Marie-Pierre Peillon et Alexandre Piazza, Environnement européen et investissement en taux bas, une adaptation nécessaire
L’évolution des taux d’intérêt européens depuis la crise financière de 2007 s’inscrit dans un mouvement de baisse continue. L’environnement actuel souffre toujours de faiblesses structurelles, loin d’être résorbées. Ainsi, compte tenu des niveaux de croissance et d’inflation anticipés, les taux resteront durablement bas au cours des prochaines années. Face à ces risques pour les métiers de la finance, la gestion d’actifs s’adapte et propose des solutions d’investissement.
Philippe Lemoine, Usure base zéro
Un taux de l’usure ramené à zéro ne serait-il pas l’idéal ? Dans un environnement de taux négatifs, la question peut se poser et plusieurs religions ou idéologies y trouveraient sans doute leur compte ; mais les conséquences en seraient dramatiques.
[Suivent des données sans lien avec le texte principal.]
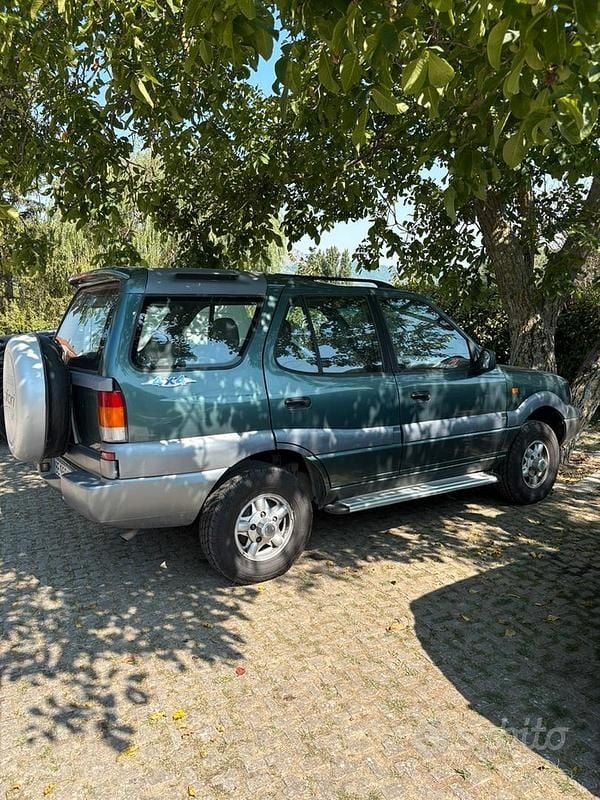 Usata Tata Safari 90 CV (66 kW) 1999 Verde SUV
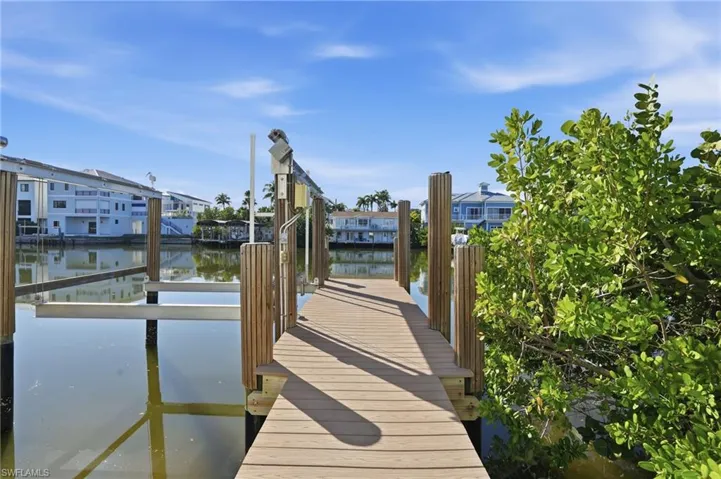 Gulf access, composite dock with lift.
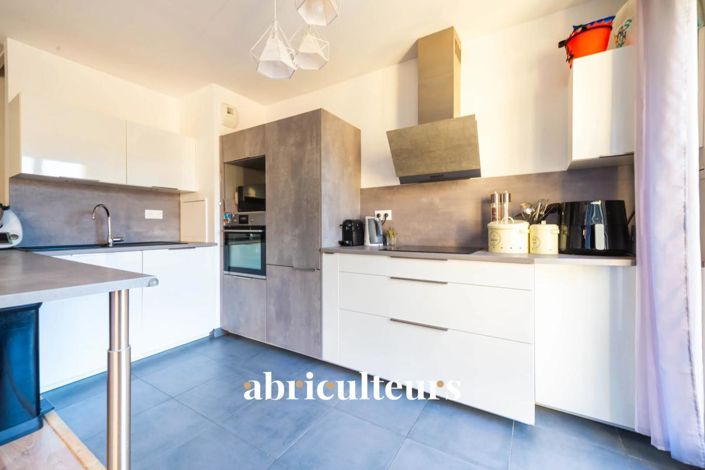 Image No.6-2 Bed Apartment for sale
Jouer sur le taux de l’usure ne suffit désormais plus à piloter le crédit.
Pierre-Charles Pradier, La condamnation de l’usure : le discours et les faits
L’usure est réglementée depuis la nuit des temps, apparemment sans grand succès. Les religions abrahamiques ont toutefois adopté une position radicale en prohibant tout intérêt dans les prêts, entre croyants chez les juifs, ou de manière universelle chez les chrétiens et chez les musulmans. Ces interdictions strictes constituent toutefois des positions théoriques, dans la mesure où le christianisme a admis des exceptions avant de considérer récemment le crédit comme une arme de lutte contre la pauvreté et un intérêt modéré comme un moindre mal. Dans l’islam, l’engouement pour la finance islamique s’est accompagné d’un durcissement doctrinal qui dissimule la rémunération des intermédiaires financiers plus qu’elle ne l’interdit.